Il virologo Fabrizio Pregliasco, docente all'Università Statale di Milano e presidente dell'Anps, tra le maggiori associazioni di volontariato in campo sanitario, affida all'Adnkronos Salute i suoi ricordi a due anni dallo scoppio della pandemia di Covid-19 in Italia.

«Era il 13 febbraio 2020», una settimana prima che venisse individuato il primo caso di Covid a Codogno, «quando proprio qui nel mio studio - racconta il virologo - ci eravamo riuniti per fare il punto sull'operatività a livello ospedaliero e avevamo fatto un censimento dei materiali. Ne avevamo ancora un po' dall'ultimo rischio Ebola che si era prospettato e - dice con un sorriso - pensavamo “sì dai abbiamo un migliaio di tute, abbiamo le mascherine. Ci siamo”. Tutte cose che poi ci sono bastate per una settimana. Questo è stato», afferma tornando serio. E «ricordo nelle onde della pandemia le onde delle angosce e delle discussioni sui vari temi che dalla carenza di mascherine ai vaccini si sono susseguiti. Quanto stress».

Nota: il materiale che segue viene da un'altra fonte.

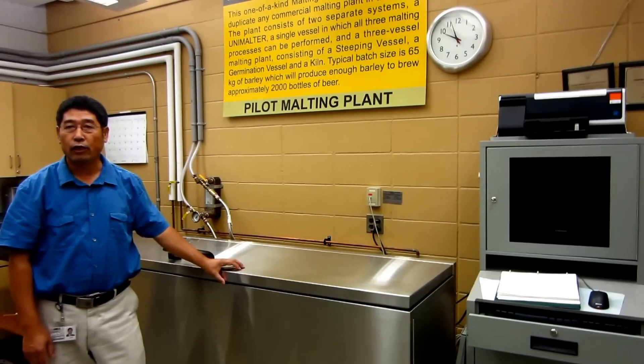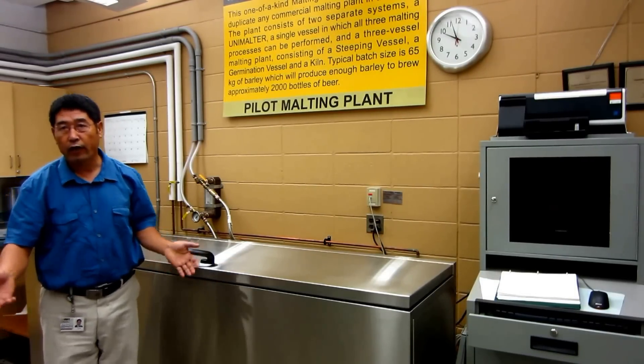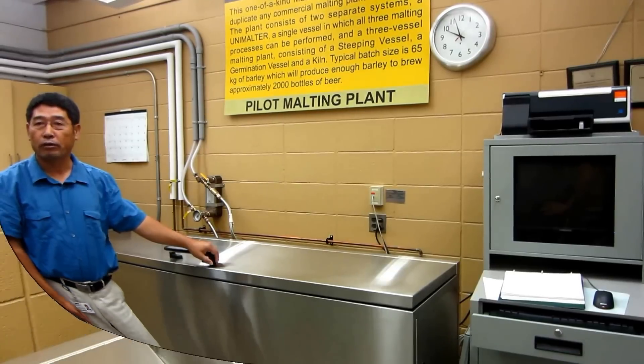In addition to that, we also use it to evaluate new crop barley samples. Every year during harvest, we will get new barley samples, and we would like to assess the quality and the malting potential.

«Ricordo i viaggi sull'autostrada del Sole deserta, da solo, con la mia auto di servizio e i lampeggianti. Questa è stata davvero la cosa più straniante. E a un certo punto la paura. La paura di contagiarsi, perché quello che per tutti era un momento di isolamento per me era invece un periodo di frenesia e di contatti. Sembrava dovesse essere una guerra lampo e invece è diventata una guerra di trincea con tutti gli effetti pesanti della guerra di trincea».

E mentre a Codogno il 17 febbraio ha chiuso il reparto Covid, il momento del ricordo e del dolore per quanto accade nelle settimane successive allo scoppio della pandemia in Lombardia viaggia di pari passo alla voglia di ripartire e alle indagini.

Le inchieste giudiziarie nate attorno alla pandemia stanno per arrivare a un punto fermo e non è escluso un colpo di scena. I pm bergamaschi stanno per tirare le somme dell'indagine in cui ad alcuni tecnici di Regione Lombardia e di Ats è contestato il reato di epidemia colposa. Indagine che riguarda, oltre al presidio ospedaliero di Alzano, anche la mancata istituzione di una zona rossa nella Bergamasca - dove, come ha confermato la consulenza del microbiologo Andrea Crisanti -, il virus circolava già da tempo, fino ad allargarsi al mancato aggiornamento del piano pandemico e alla mancata applicazione su tutto il territorio nazionale di quello esistente.

Capitoli questi ultimi che hanno comportato, non solo l'iscrizione per false informazioni ai pm dell'ex numero due dell'Oms Ranieri Guerra, ma una trasferta dei magistrati a Roma per sentire come testimoni l'ex premier Giuseppe Conte, i ministri Roberto Speranza e Luciana Lamorgese e gli esperti del Cts e dell'ufficio di Prevenzione del ministero della Salute.